Art Show & Tell, even in the darkest coldest days
The dark days of December are eating me. I think it is a common feeling to have when trapped between two bitter seasons. But the chill has severely restricted my passion to work on the webcomic right now. Sorry. Alas, our special bond has been born through broken promises. And I’m working so much right now for my business I can’t breathe.
That, mixed with the fact that I’m having a wonderful surge with the Pixelton book. It is magic and satisfying and daring and everything the webcomic isn’t right now. I think it will be worthwhile.
What exactly have I been working on? Take a look at a ton of stuff I’ve never shared before…
The above is a list of the files for the completely new and amazing Pixelton adventures. The orange and yellow means inked semi or fully complete. The neat thing is this list is now colorful for greater then half. I’ve been aiming to add at least one new page to this complete list per day.
Here is a quick sample that doesn’t show much (or color). This book is HUGE though. Should be about 14 inches horizontally. But it wasn’t always this way!
The above was the first sketch for Pixelton. Kirby was originally a bear, and a pretty generic one at that. I went ahead for a good year writing with the boring bear Kirby leading the fight. Close to ten minutes before I started the pencils for the book I made a rash decision to switch the character to another originally named BRINGA. BRINGA was orange and had big triangle ears…
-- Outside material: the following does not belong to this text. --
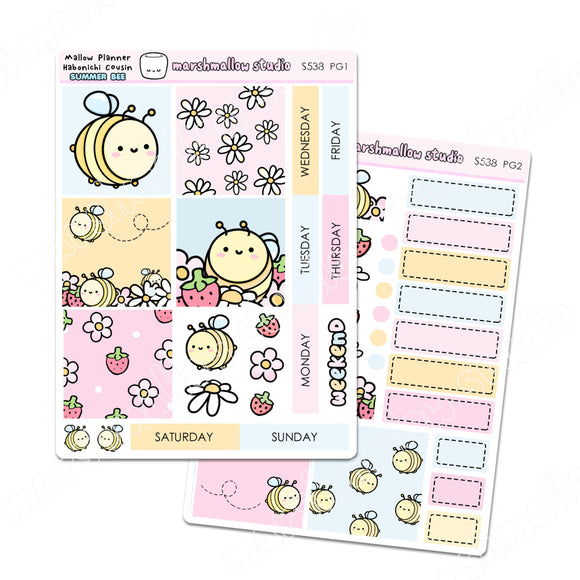 MALLOW PLANNER / HOBONICHI COUSIN - WEEKLY KIT - PLANNER STICKERS - S538 (2 PGS) - Marshmallow Studio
But that wasn’t before I spent months working on collateral with that damn evil bear.
This is the first sketch and color test I created. As you can see I was trying to do the thing in pencil and color behind. It didn’t work. And in the end this test showed me pencil wasn’t the way to go. I let this color test stall progress for months as I wondered what to do instead. Check out Fil’s original yellow tan, but he always had the crazy demeanor to contrast the passive bear.
Here are two animation cycles I made using evil Kirby. They’re pretty bad but made in vector format as Pixelton was meant to be a completely vector made book. This would allow me to get the stark contrast I wanted with the ease of having sets and editable characters.
For example this character (named “El Diablo Rojo”) was made in many poses…
…so he could be used on any one of the many Pixelton sets…
…to reflect each background in obsessive detail. I even set them up with parallax scroll in mind. Each set has a ton of props that could be included.
Remember that map I shared in the works a few months back? Here is the vector edition. You can zoom into the city and see billboards and text. Working on this drove me insane. I decided vector may not be the way to go. I was tired of vector and was worried about the book. At this time my last book, Nothing Left to Lose was just being released through Diamond in the start of 2006.
The point in all of this is that if you keep trying you find something that works. I ended up going around full circle back to line art after two years of pain, but would the story and art be as realized without it? Who knows. I’m guessing no.
The above is a view into the story arc of the Pixelton book. But this was one of about 50 and with each successive revision I got more interested. The story is still growing and will up until I’m ready to let it go. I want this book to be special.
( I highly recommend reading STORY by Robert McKee. I read it at exactly the right moment to try and turn things around.)
To make things you care about you have to be a little crazy. Posts like this remind me that crazy is okay if it makes you (and a few nice others) happy. Thanks for reading.